### Given entries ###
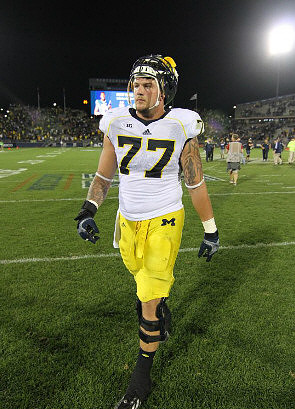 Taylor Lewan (77)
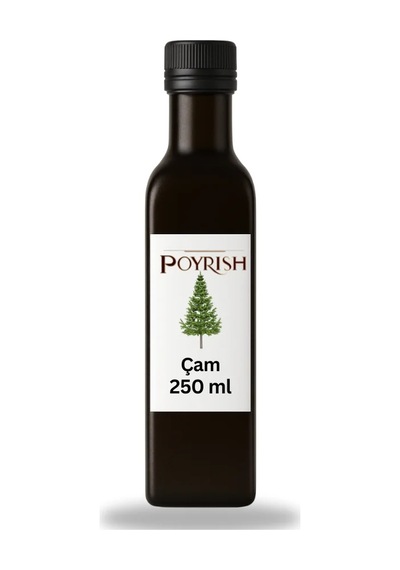 Poyrish Çam Mum Esansı 250 ML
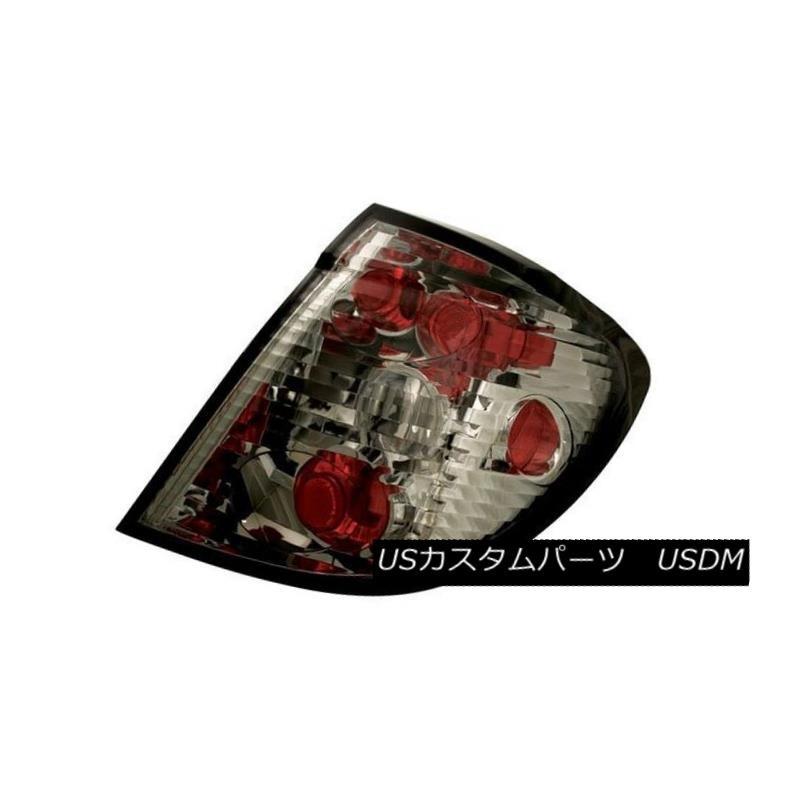 テールランプ IPCW CWT-CE3327CSプラチナ煙ユーロテールランプの西洋ナシ03-07土曜日のイオン IPCW CWT-CE3327CS Pai その他ライト-自動車-ライト、レンズ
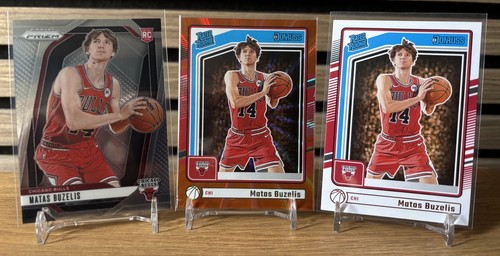 Matas buzelis lot - matas, x3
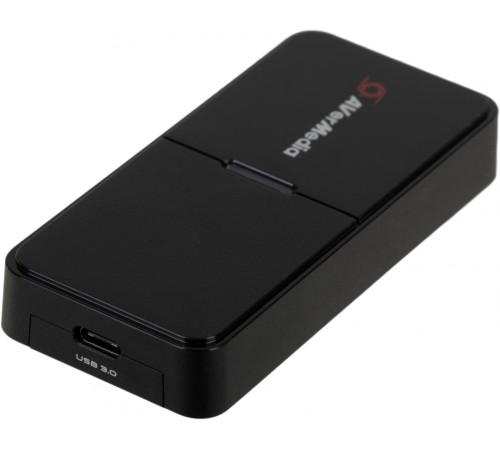 Карта видеозахвата Avermedia ExtremeCap 4K BU113 внешний USB 3.0 Карта видеозахвата Avermedia ExtremeCap 4K BU113 внешний USB 3.0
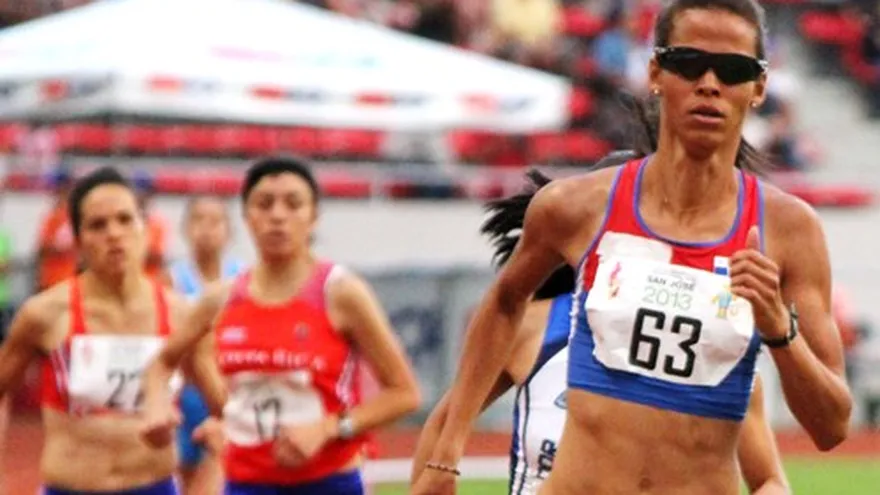 Andrea Ferris se lesiona y no va al Centroamericano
###
Only an exact copy of the records, free of images, belongs in the answer.

• **Answer to this problem**:
 Taylor Lewan (77)
 Poyrish Çam Mum Esansı 250 ML
 テールランプ IPCW CWT-CE3327CSプラチナ煙ユーロテールランプの西洋ナシ03-07土曜日のイオン IPCW CWT-CE3327CS Pai その他ライト-自動車-ライト、レンズ
 Matas buzelis lot - matas, x3
 Карта видеозахвата Avermedia ExtremeCap 4K BU113 внешний USB 3.0 Карта видеозахвата Avermedia ExtremeCap 4K BU113 внешний USB 3.0
 Andrea Ferris se lesiona y no va al Centroamericano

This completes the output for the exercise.